First of all, the rigid-ideologue posture may come naturally to Cruz, but there was certainly calculation in that approach, too. Cruz ran for president after just a few short years in the Senate, which he joined in 2013. These were years in which he established himself as an ideological obstructionist. He led a government shutdown over ObamaCare funding in 2013 that had no possible outcome except failure, as anyone who understands the budgeting and legislative process knew. Cruz tilted at that windmill to cast himself as the leader of the conservative movement, even though he ended up leading Republicans into a cul-de-sac with nowhere to go but eventual surrender. The GOP got lucky, however, when the rollout of ObamaCare became a much larger debacle than even its critics had predicted, and the short-lived and ill-fated shutdown quickly faded from memory.
The conservative movement itself has made it clear that it's in no mood for compromise or pragmatism. Instead, over the last few years, the mood has shifted into a purity campaign that certainly fed into Cruz's calculations. The purity campaign extended to anyone who'd ever worked across the aisle, even for conservative approaches to contentious issues.
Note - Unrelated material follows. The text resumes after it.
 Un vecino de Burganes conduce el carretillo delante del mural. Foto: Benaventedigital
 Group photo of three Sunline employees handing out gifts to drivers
But a funny thing happened on the way to purity. The bitter partisan stalemate resulting from purity campaigns on the right and the left created an electorate that no longer trusts in the political process. The Republican nomination came down to the ideological purist and Donald Trump, the pragmatic outsider who promised voters he'd just get things done — and Trump handily beat Cruz. Democrats nearly dumped the bare-knuckled partisan candidate of Business As Usual for a socialist backbencher in the Senate.
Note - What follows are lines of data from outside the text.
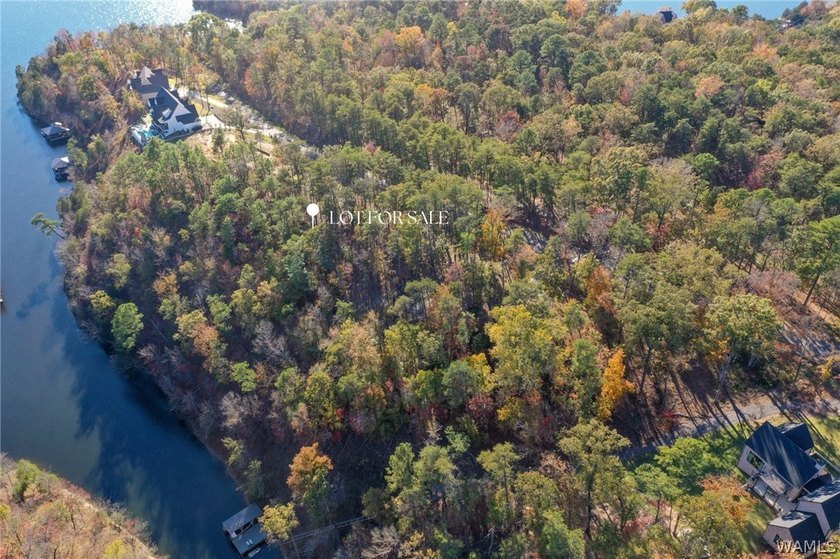 Discover a rare opportunity to own 1.21 +/- acres of lakefront - photo 2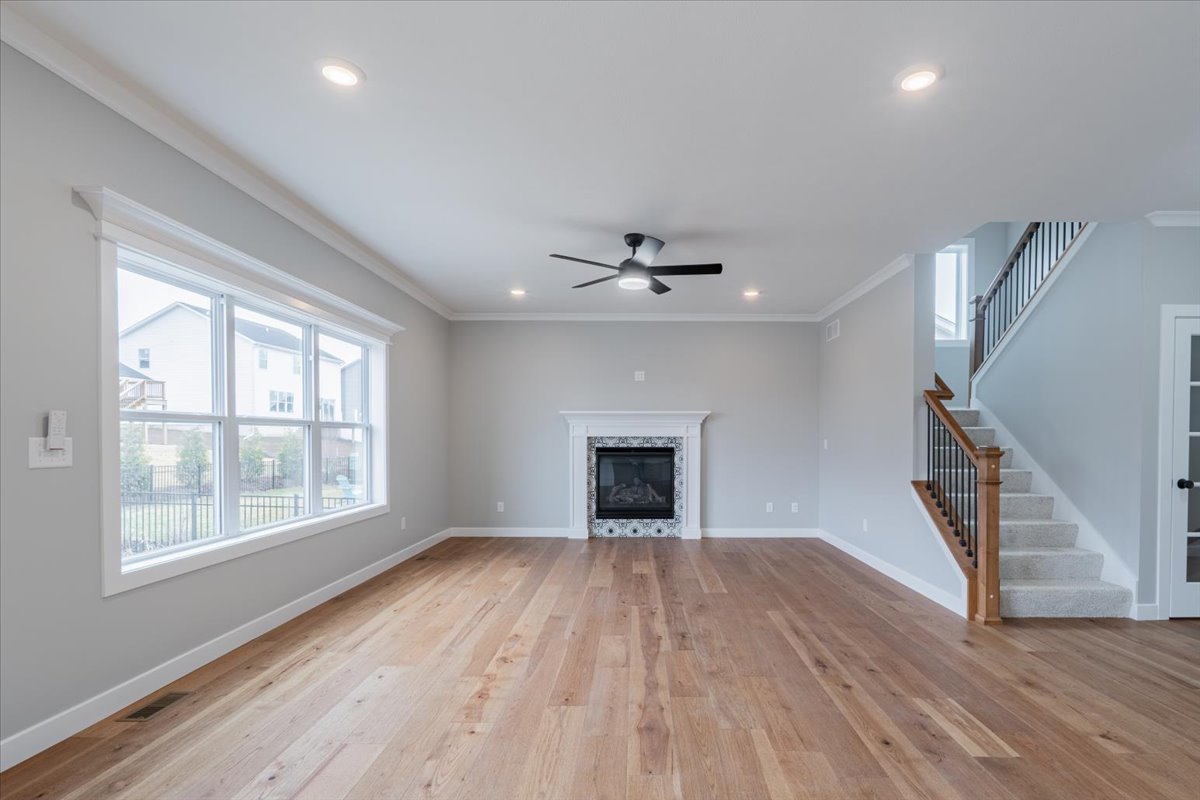 5206 Finlen Lane Bloomington, IL 61705 - Photo 8 of 40 a view of an empty room with wooden floor fireplace and a window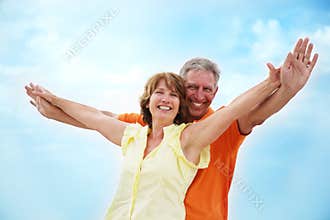 Mature couple with arms outstretched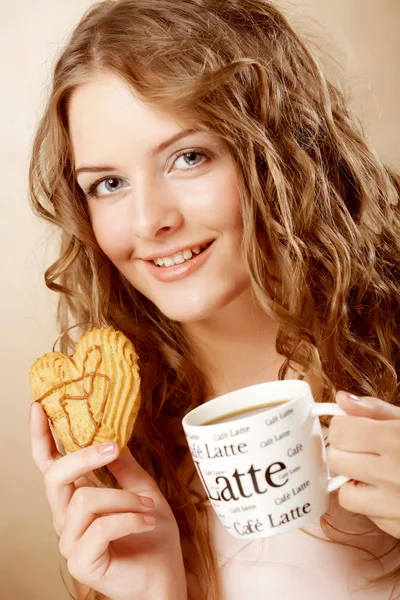 Woman eating cookie and drinking coffee. — Stock fotografie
It's not just the populists, either. Voters across the spectrum have tired of infighting and want solutions — and that means finding ways to work together, rather than wait for promises of victory by sheer force of will over the realities of Congressional majorities and White House control.
Perhaps Cruz, who has a brilliant mind and usually good instincts, understands that he hit the limit of purist politics. It might be that the prosaic truth of the binary choice, plus his ambitions for higher office later, necessitates pragmatism. Either way, Cruz's endorsement acknowledges the main lesson Trump's nomination should teach conservatives: Philosophy is not enough in politics. Voters want to see results and solutions, not just stunts. And if they can't get either from the leaders of the governing class, they'll go outside the system instead.
Cruz has belatedly rediscovered pragmatism, which prompts the immediate question as to whether Cruz can convince #NeverTrumpers to follow suit. But the larger question is whether conservative purists will apply the lesson after this election cycle.